Nicht ein gleichgültiges Universum lässt mich allein in Macht und Ohnmacht, sondern ich lebe umgeben von der Liebe Gottes. Dessen werden wir uns heute an diesem Sonntag und in diesem Gottesdienst wieder neu bewusst. Wir leben in der Liebe Gottes, und Gott wohnt in uns. Der Geist der Liebe Gottes durchdringt uns. Wir tauchen in ihn ein, und er ist zugleich auch in uns. Wie die Wärme, die von außen kommt, in der wir uns wohlfühlen, und die zugleich in uns eindringt und uns von innen heraus erwärmt. So ist das auch mit Gott und seiner Liebe. Sie kommt von außen nach innen, wohnt in uns und bewegt uns zu Taten der Liebe und zu Zeichen der Hoffnung.

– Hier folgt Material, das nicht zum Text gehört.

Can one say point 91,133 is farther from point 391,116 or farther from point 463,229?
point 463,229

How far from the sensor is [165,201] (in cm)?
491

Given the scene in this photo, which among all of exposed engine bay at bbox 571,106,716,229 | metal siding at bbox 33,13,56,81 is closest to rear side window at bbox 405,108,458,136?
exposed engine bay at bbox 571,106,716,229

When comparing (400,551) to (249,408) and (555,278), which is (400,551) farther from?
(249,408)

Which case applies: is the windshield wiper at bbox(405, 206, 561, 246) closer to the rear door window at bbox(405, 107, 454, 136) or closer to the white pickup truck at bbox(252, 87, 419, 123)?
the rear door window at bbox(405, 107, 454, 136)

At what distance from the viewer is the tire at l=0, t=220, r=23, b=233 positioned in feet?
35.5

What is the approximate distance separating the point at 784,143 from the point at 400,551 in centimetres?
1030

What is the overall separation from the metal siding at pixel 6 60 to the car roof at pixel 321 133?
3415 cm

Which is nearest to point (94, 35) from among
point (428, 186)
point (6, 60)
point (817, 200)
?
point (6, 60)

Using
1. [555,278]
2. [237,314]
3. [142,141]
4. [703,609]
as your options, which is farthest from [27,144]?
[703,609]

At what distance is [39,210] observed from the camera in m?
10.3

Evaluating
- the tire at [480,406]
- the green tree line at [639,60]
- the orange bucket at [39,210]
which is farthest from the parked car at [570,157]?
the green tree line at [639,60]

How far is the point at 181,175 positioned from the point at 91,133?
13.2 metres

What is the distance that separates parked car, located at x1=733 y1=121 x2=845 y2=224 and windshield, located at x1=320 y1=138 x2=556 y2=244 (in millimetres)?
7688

Nun gibt es natürlich auch Menschen wie jener Lagerkommandant. Er hat von der Liebe Gottes noch nichts gehört. Er ist von ihr noch nicht berührt worden. Wenn er aber je davon berührt werden sollte, dann wird er sich fühlen wie neu geboren; denn er hat den tragenden Grund seines Lebens gefunden. Er ist aus dem Tod ins Leben gekommen (1.Joh 3,14). Dass Gottes Liebe der tragende Grund unseres Lebens ist, hat sich sogar bis in unsere Grußformeln hinein eingeprägt: „Behüt dich Gott“ oder bayrisch: „füert di“ ist nichts anderes als der Wunsch, Gottes Liebe walte über dir auf all deinen Wegen. Ebenso „Adieu“, d.h. mit Gott. Mit Gott weiter voran!
Der Glaube glaubt an die Macht der Liebe und an die Kraft der Hoffnung. Wer daran nicht glaubt, bleibt der Sinnleere des Universums verhaftet und muss sie mit seiner Allmacht füllen zuungunsten der Ohnmächtigen. Ist nun Allmachtsglaube auch ein Glaube? Gewiss! Kann ich mich nun außerhalb der beiden Weltanschauungen stellen, gleichsam auf einen archimedischen Punkt, und sagen: Nun gut, der eine glaubt eben dies, der andere das? Theoretisch schon. Praktisch aber kann ich meinen Glauben nicht zur Disposition stellen, denn ich weiß: Gott begleitet mich. Gott begleitet uns alle. Eben weil er die Liebe ist. Und er begleitet uns auch über unser Leben hinaus. Deshalb verschwindet nichts in der Versenkung des Vergessens. Das Gute nicht und das Böse nicht.
Mit allem, wir aus der Liebe heraus getan haben, können wir uns vor Gott sehen lassen, jetzt und in Ewigkeit. Darum schreibt Johannes: „Wir können Zuversicht haben am Tag des Gerichts“. Das würde ich auch dem Lagerkommandanten wünschen. Denn auch er wird Rechenschaft ablegen müssen, wenn nicht hier, dann vor Gott. Er irrt, wenn er glaubt, dass er das nicht muss. Darum kann es mir nicht gleichgültig sein, was jemand glaubt, darum wünsche ich ihm, dass auch er von der Liebe Gottes angerührt würde.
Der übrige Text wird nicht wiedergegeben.